In his column for Forbes, Tchir cited the Financial Times and Bloomberg for reporting that the Department of Justice has opened a criminal probe investigating if traders have been manipulating the price of Bitcoin and other digital currencies.
Tchir States Reasons Why Bitcoin Prices Are Likely Being ‘Manipulated’
Tchir, whose LinkedIn profile lists him as the Head of Macro Strategy at Academy Securities, stated three main reasons that led him to believe that there is ongoing Bitcoin price manipulation:
- Supply Concentration. Tchir noted that there is, allegedly, a small number of people who hold a disproportionately large amount of Bitcoin and other cryptocurrencies. These people have natural incentives to push prices higher. However, unlike the regulated stock market where large shareholders are subject to additional regulations and scrutiny, there are no such rules when it comes to cryptocurrencies.
2. Miner Incentives. He also shared that miners, who may also hold significant positions, would also want prices to increase.
3. Price Arbitrage. Here, Tchir drew a parallel to price manipulation in the regulated LIBOR and FX markets, which have resulted in legal action. Tchir speculated that traders who took the time to set up accounts on different exchanges to arbitrage price differences are rewarded.
Despite his conviction from the mentioned reasonings, Tchir was careful to state that any manipulation of cryptocurrency prices may or may not meet the legal definition of manipulation.

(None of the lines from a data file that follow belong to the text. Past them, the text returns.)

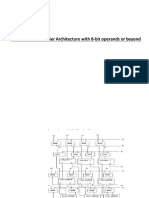 Aun Array Multiplier Architecture With 8-Bit Operands or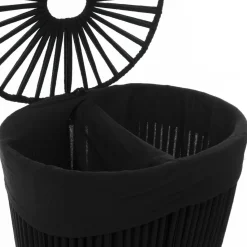 3S. x Home Panier à linge double 40L Online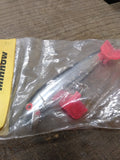 Vtg NOS STIK-UM Lures 5 Inch Minnow Shiner Fishing Lure Nice Shape!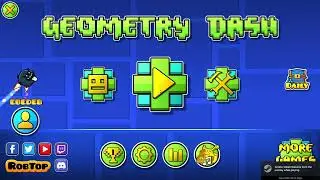 Geometry Dash, but if I run out of video ideas, the video ends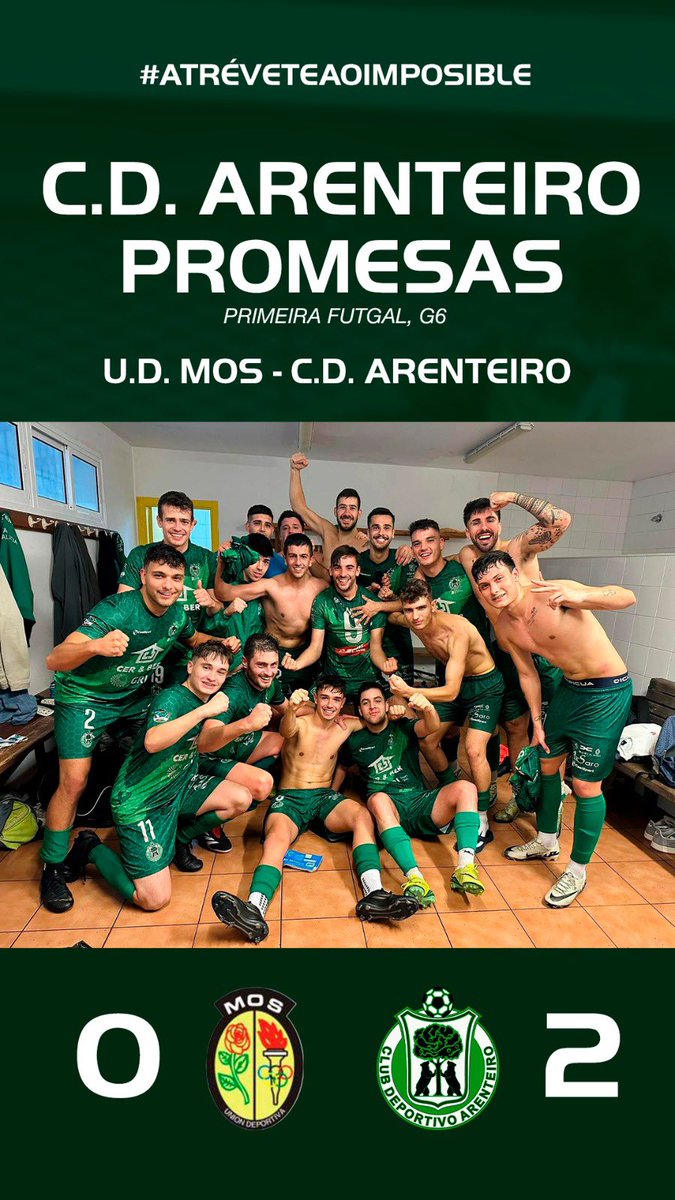 CD_Arenteiro's tweet photo. Os verdes do C.D. Arenteiro Promesas tamén se fixeron onte coa vitoria traendo os 3 puntos para Carballiño 💚💪🏻#AtréveteAoImposible https://t.co/nbiYdcTsrV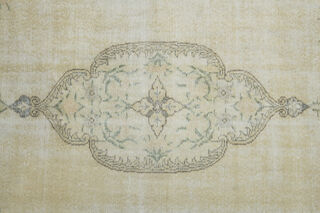 Floral Rug Beige Brown Anatolian Rugs - Thumbnail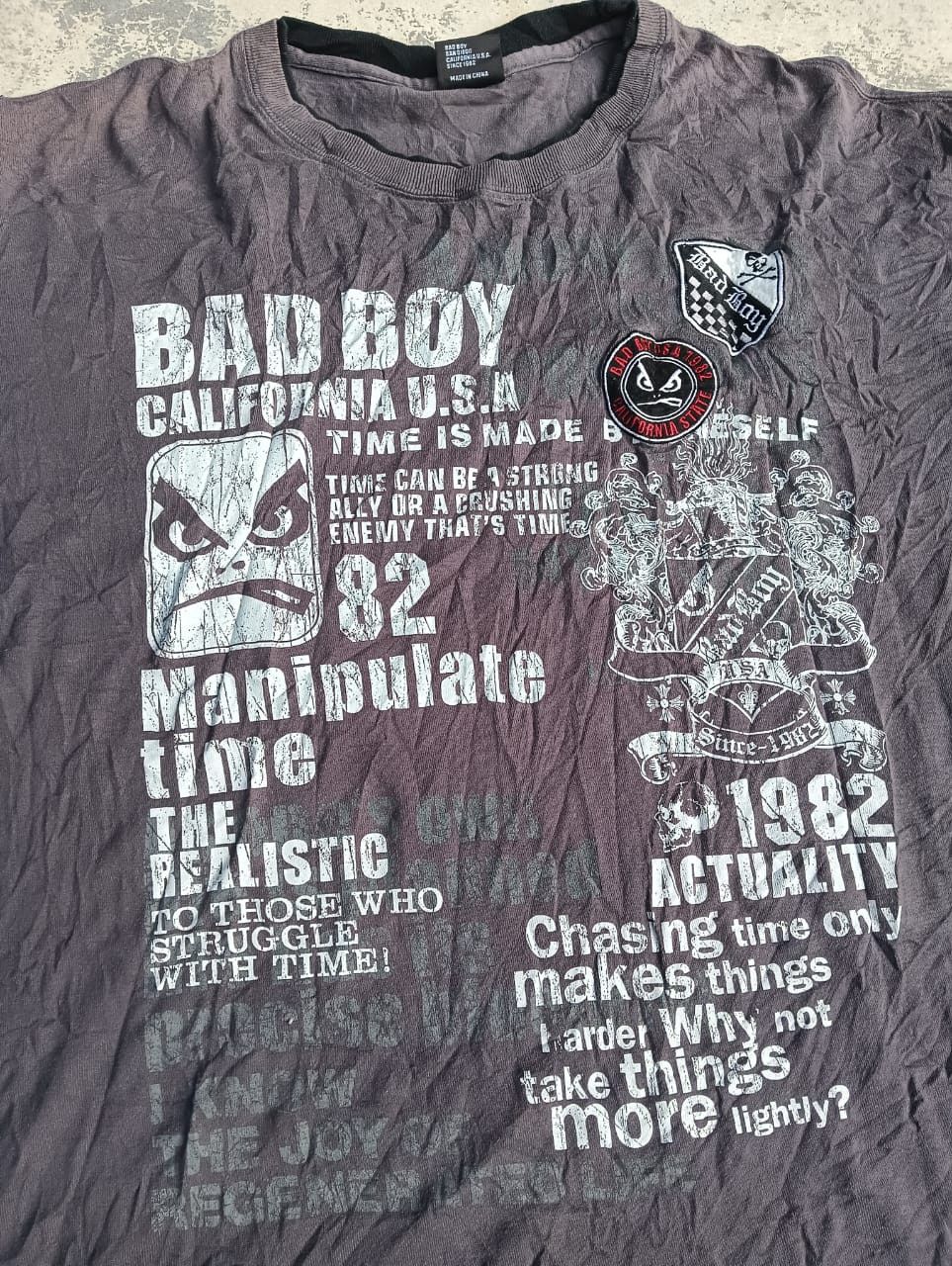 If Six Was Nine × Japanese Brand Y2K bad boy poem shirt Size US XL / EU 56 / 4 - 6 Thumbnail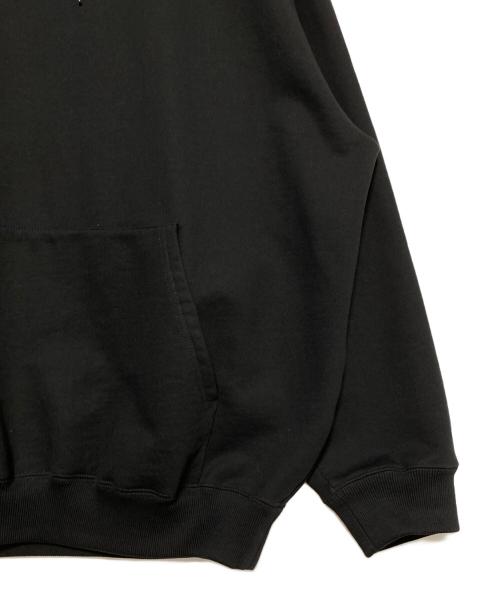 BALENCIAGA（バレンシアガ）BALENCIAGA (バレンシアガ) バックロゴパーカー ブラック サイズ:Mの古着・服飾アイテム
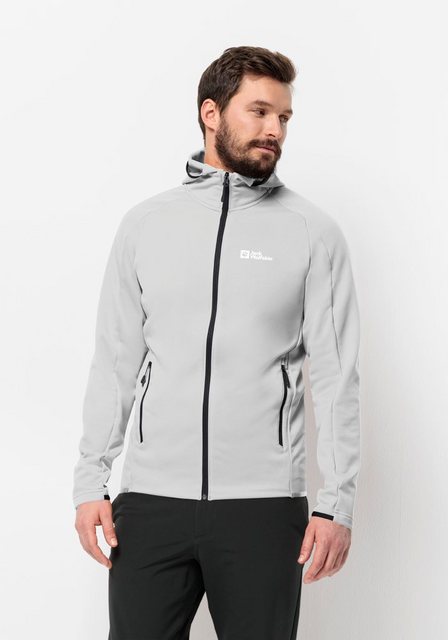 Jack Wolfskin Fleecejacke "ALPGRAT HOODED FZ M", mit Kapuze günstig online kaufen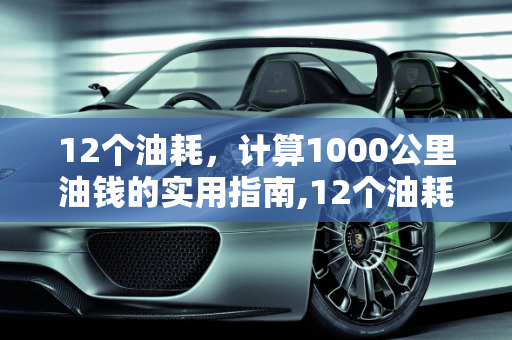 12个油耗，计算1000公里油钱的实用指南,12个油耗，1000公里多少油钱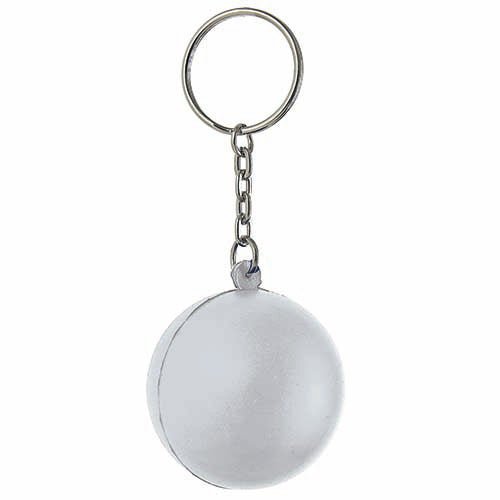 LLAVERO ANTI-STRESS - PLATA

In closing, Tchir said that, as investigations proceed and expose more issues with cryptocurrencies, he expects their prices to continue to fall.
Spoofing and Wash Trading: Two Illegal Practices the DOJ is Investigating
While the DOJ’s probe is still private, sources familiar with the matter have reported to Bloomberg that authorities are focusing on two particular practices that traders may be using to manipulate prices: spoofing and wash trading. The DOJ is also collaborating with the CFTC in its investigation.
Spoofing is the practice of flooding the market with fake orders to influence other players into buying or selling. These orders create an illusion of interest in a particular commodity but are canceled before execution. In regular financial markets, spoofing is typically conducted using high-frequency trading algorithms.
The use of spoofing was linked with the 2010 flash crash of the stock market. So far, only one trader, Navinder Singh Sarao, has been charged. Notably, the charges came in 2015 — five years after the incident. He has since pleaded guilty to charges of spoofing and could face up to 30 years in prison.
Wash trading, on the other hand, is the practice of buying shares through one broker followed by immediately selling shares through another broker. Also known as round-trip trading, it is illegal under the Commodity Exchange Act, which was passed in 1936.
While the DOJ investigation is still in its preliminary stages, it does represent a continuation of the U.S. authorities’ crackdown against illegal practices in cryptocurrencies. The SEC has stepped up its enforcement against fraudulent ICOs, having recently come down on Centra Tech and Titanium Blockchain.